**PROBLEM TO WORK ON:** Give each line of the records again exactly and omit every picture.

########

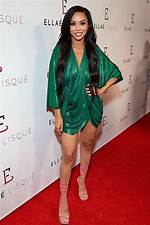 Brittany Renner: Unveiling the Multifaceted Influencer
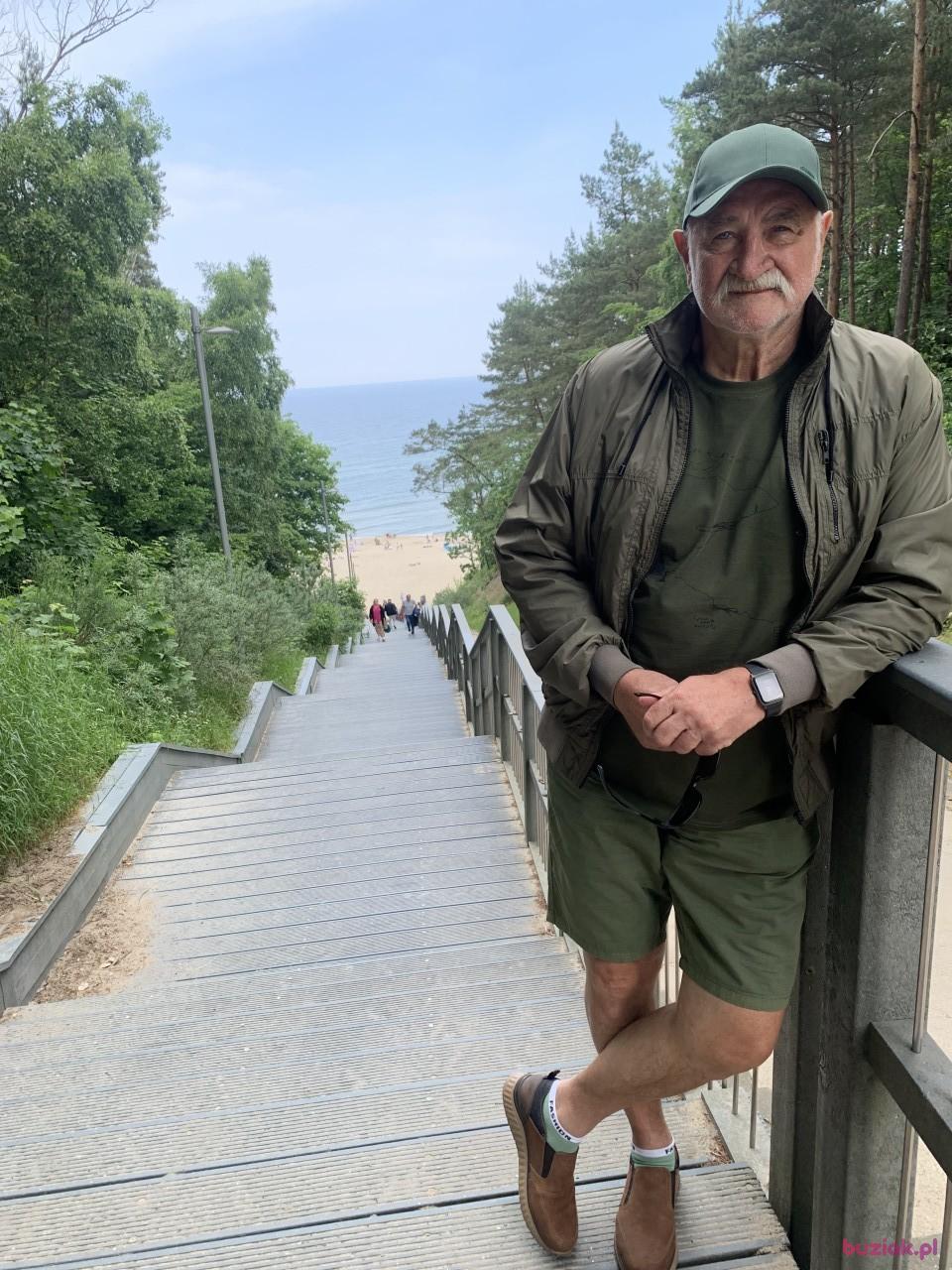 grzegorz, Mężczyzna, 70, Brześć Kujawski, Polska, Zdjęcie: 2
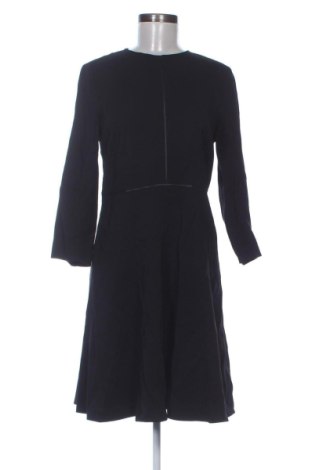 Kleid Massimo Dutti, Größe M, Farbe Schwarz, Preis 54,99 €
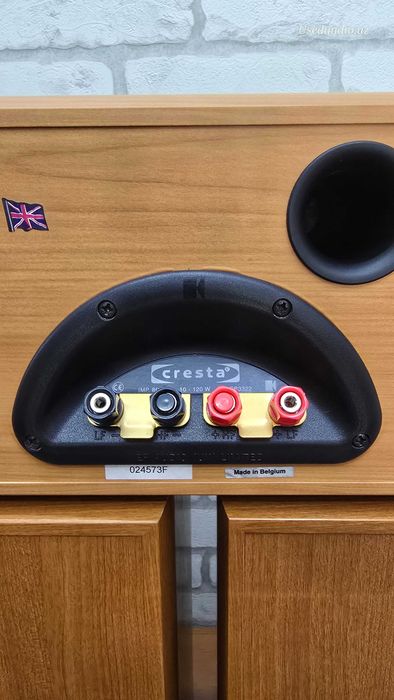 Yamaha NS + KEF Cresta. Комплект Акустика. Колонки 5.1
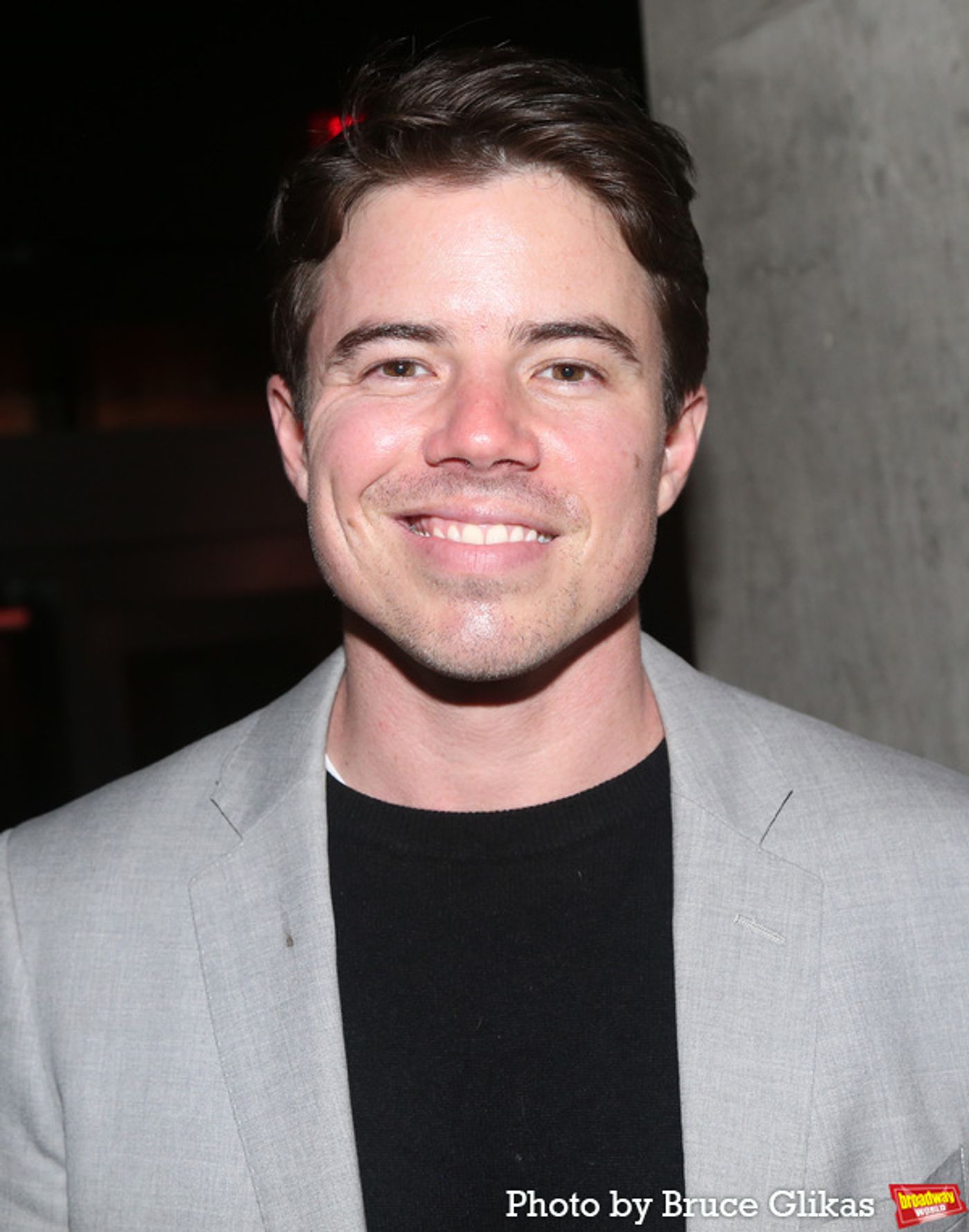 Photos: On the Red Carpet for Opening Night of MCC's WHICH WAY TO THE STAGE  Image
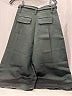 Zimmermann Green Black casual pants Size 4 - photo 8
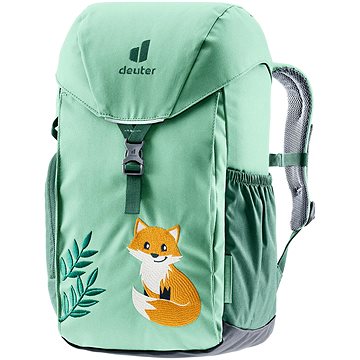 

Deuter Waldfuchs 14 zelený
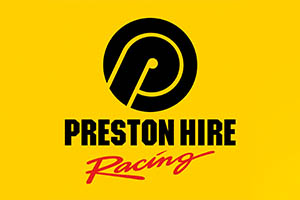 Preston Hire Racing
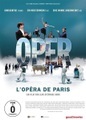 Oper.L'Opera de Paris, 1 DVD (französisches OmU)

########

**EXERCISE ANSWER:**
 Brittany Renner: Unveiling the Multifaceted Influencer
 grzegorz, Mężczyzna, 70, Brześć Kujawski, Polska, Zdjęcie: 2
 Kleid Massimo Dutti, Größe M, Farbe Schwarz, Preis 54,99 €
 Yamaha NS + KEF Cresta. Комплект Акустика. Колонки 5.1
 Photos: On the Red Carpet for Opening Night of MCC's WHICH WAY TO THE STAGE  Image
 Zimmermann Green Black casual pants Size 4 - photo 8

Deuter Waldfuchs 14 zelený
 Preston Hire Racing
 Oper.L'Opera de Paris, 1 DVD (französisches OmU)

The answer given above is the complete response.